The average Kubernetes cluster runs at 15-25% CPU utilization. That means teams are paying for three to six times more compute than they're using. Cost optimization isn't about being cheap — it's about reclaiming budget that's being wasted on idle capacity and reinvesting it where it matters.
This is a practical guide to finding and eliminating waste without making your systems fragile.
Understanding Where Your Money Goes
Before optimizing, you need visibility. Most teams are surprised to discover which workloads actually cost the most.
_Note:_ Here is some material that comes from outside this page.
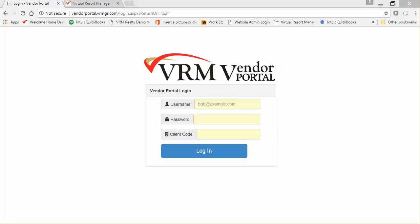The URL for the Vendor Portal is vendorportal.vrmgr.com. When a vendor accesses this site, they will be required to enter their username, password, and client code. As a rental management company, you will be responsible for sharing this information with your vendors.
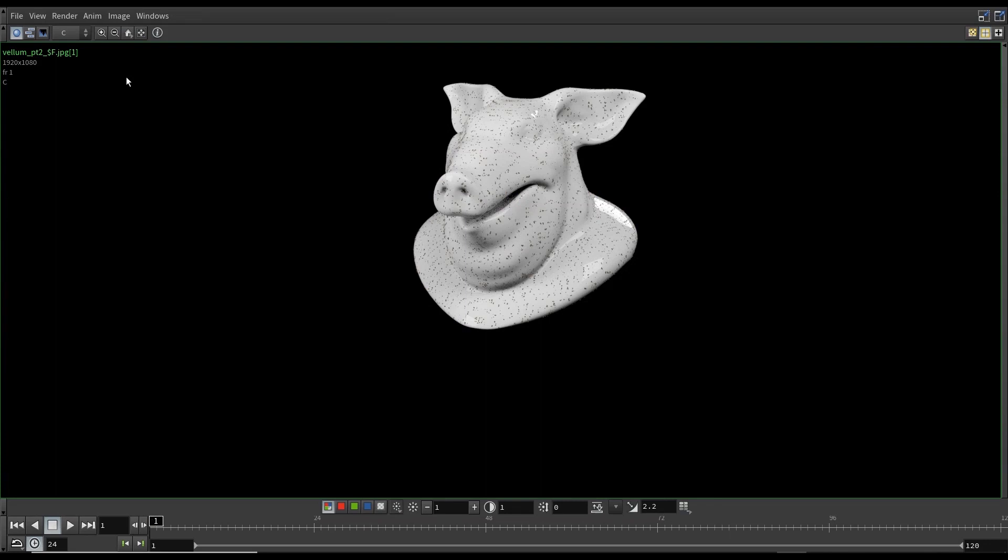Hey, what's up people? This is Krishna here. Today we're going to do part two of the Vellum grains activation tutorial series. If you've not watched part one, I will leave a link in the description because we're going to continue where we left off in part one.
Cluster Visibility with Kubecost
Kubecost (open source) provides per-namespace, per-deployment, and per-label cost breakdowns:
# Install Kubecost
helm repo add kubecost https://kubecost.github.io/cost-analyzer/
helm upgrade --install kubecost kubecost/cost-analyzer \
--namespace kubecost \
--create-namespace \
--set kubecostToken="your-token-here"
# Forward to local
kubectl port-forward -n kubecost svc/kubecost-cost-analyzer 9090
With Kubecost running, you'll see allocation by namespace and deployment — which teams are spending what, and where the biggest opportunities are.
Spotting Over-Provisioned Pods
Look for the gap between requested resources and actual usage:
# View resource requests vs actual usage
kubectl top pods --all-namespaces
# Compare to what's requested
kubectl get pods --all-namespaces -o json | jq '
.items[] | {
name: .metadata.name,
namespace: .metadata.namespace,
cpu_request: .spec.containers[].resources.requests.cpu,
memory_request: .spec.containers[].resources.requests.memory
}'
If you see a pod requesting 2 CPU cores and using 100m consistently, that's 95% waste in CPU reservation.
Right-Sizing Resource Requests and Limits
This is the highest-leverage optimization. Wrong resource settings waste money (over-request) or cause outages (under-request).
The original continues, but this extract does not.